• STUDY MATERIAL:
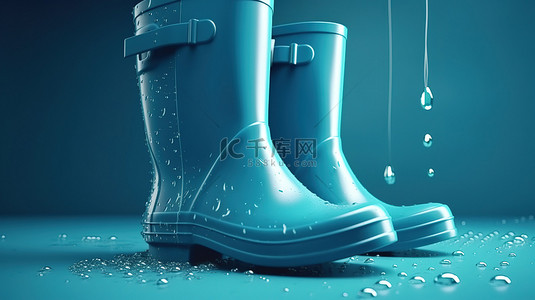 雨天必需品 3d 渲染雨靴和蓝色背景雨伞，带有商业用途的复制空间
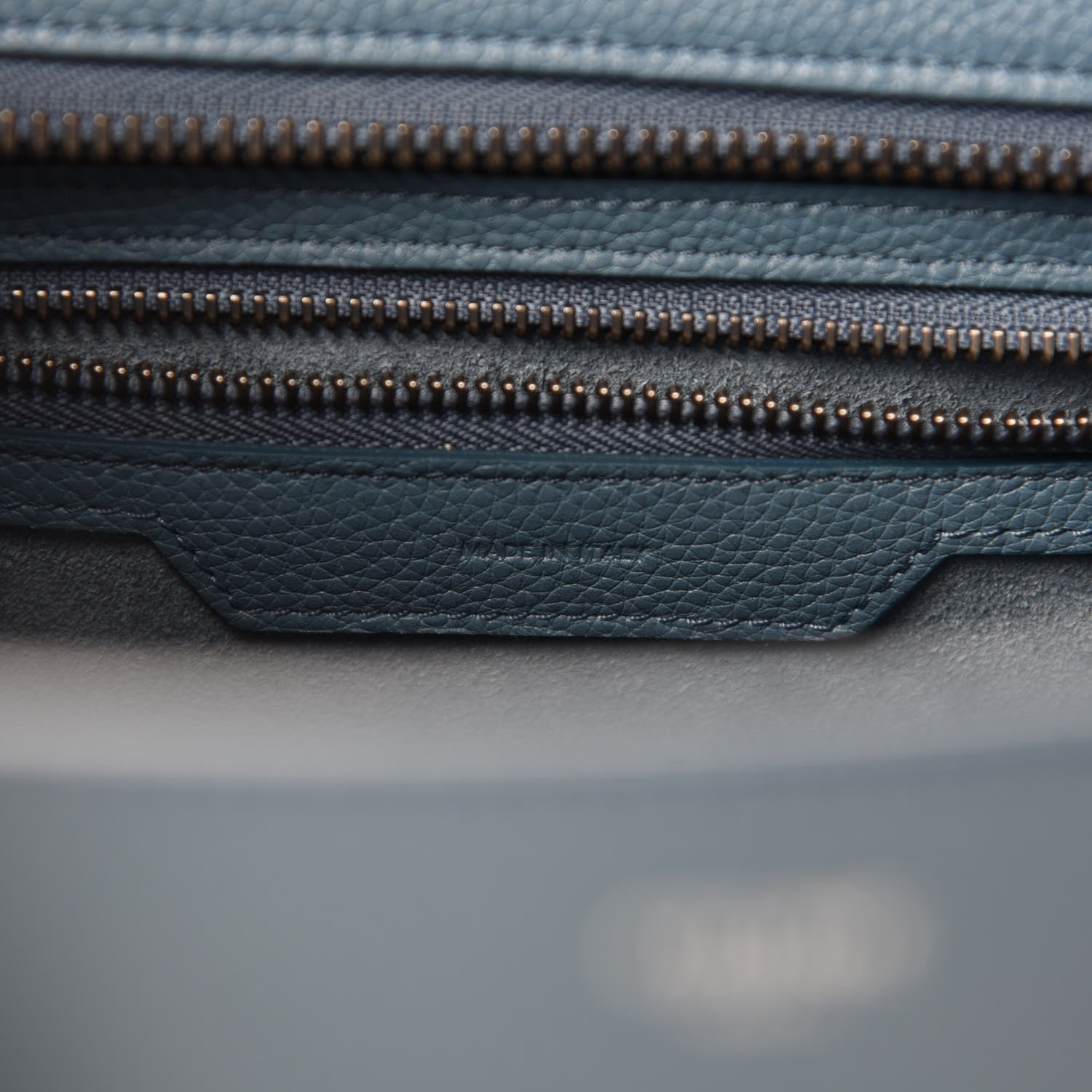 Celine Drummed Calfskin Micro Luggage Slate 8 of 9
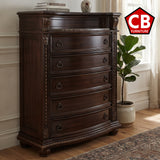BOWEN Brown Cherry 45" x 58" Height Chest with Marble-Top
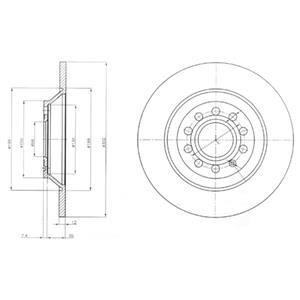 Тормозной диск задний невентилируемый Delphi BG4088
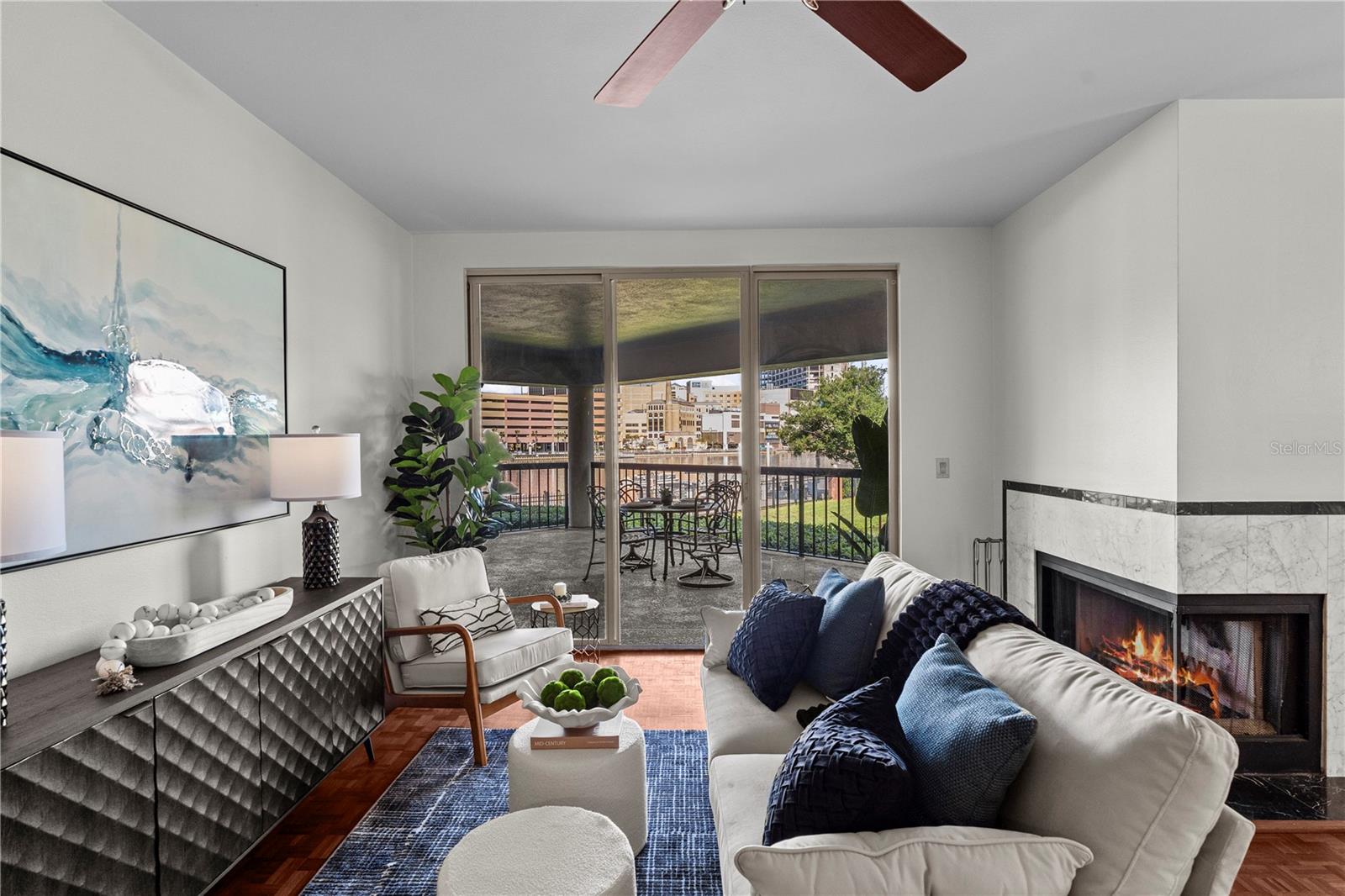 Family room with wood burning fireplace
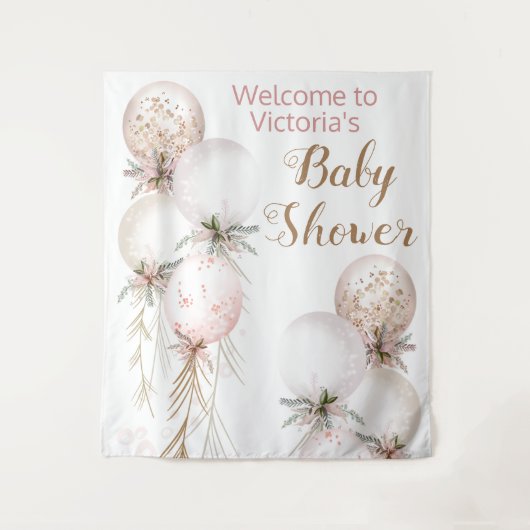 Meisje Ballon Baby Shower Achtergrond Wandkleed (Voorkant)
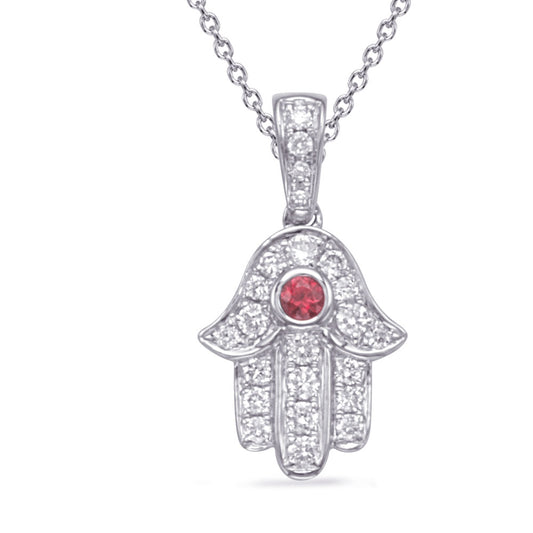 This Pendant is available in 14K White Gold. There are a total of 24 stones. There are Rounds with a total carat weight of 0.19 set in a Bezel Set|Micro Prong setting.There are Ruby stones with a total carat weight of 0.04 set in a Bezel Set|Micro Prong.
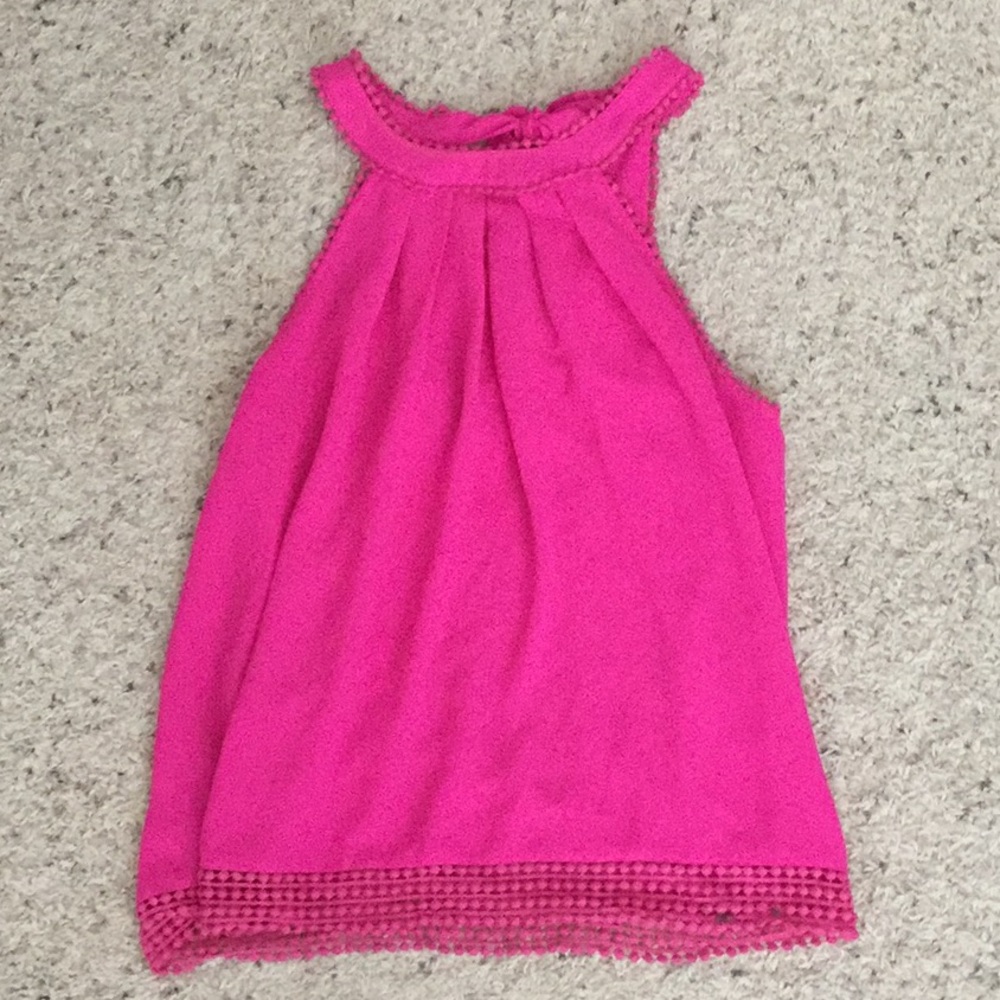 Hot pink tie back halter neck tank top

• EXERCISE REQUIREMENTS: Reproduce the whole listing above word for word, but not its pictures.

• RESPONSE TO THE TASK:
 雨天必需品 3d 渲染雨靴和蓝色背景雨伞，带有商业用途的复制空间
 Celine Drummed Calfskin Micro Luggage Slate 8 of 9
BOWEN Brown Cherry 45" x 58" Height Chest with Marble-Top
 Тормозной диск задний невентилируемый Delphi BG4088
 Family room with wood burning fireplace
 Meisje Ballon Baby Shower Achtergrond Wandkleed (Voorkant)
 This Pendant is available in 14K White Gold. There are a total of 24 stones. There are Rounds with a total carat weight of 0.19 set in a Bezel Set|Micro Prong setting.There are Ruby stones with a total carat weight of 0.04 set in a Bezel Set|Micro Prong.
 Hot pink tie back halter neck tank top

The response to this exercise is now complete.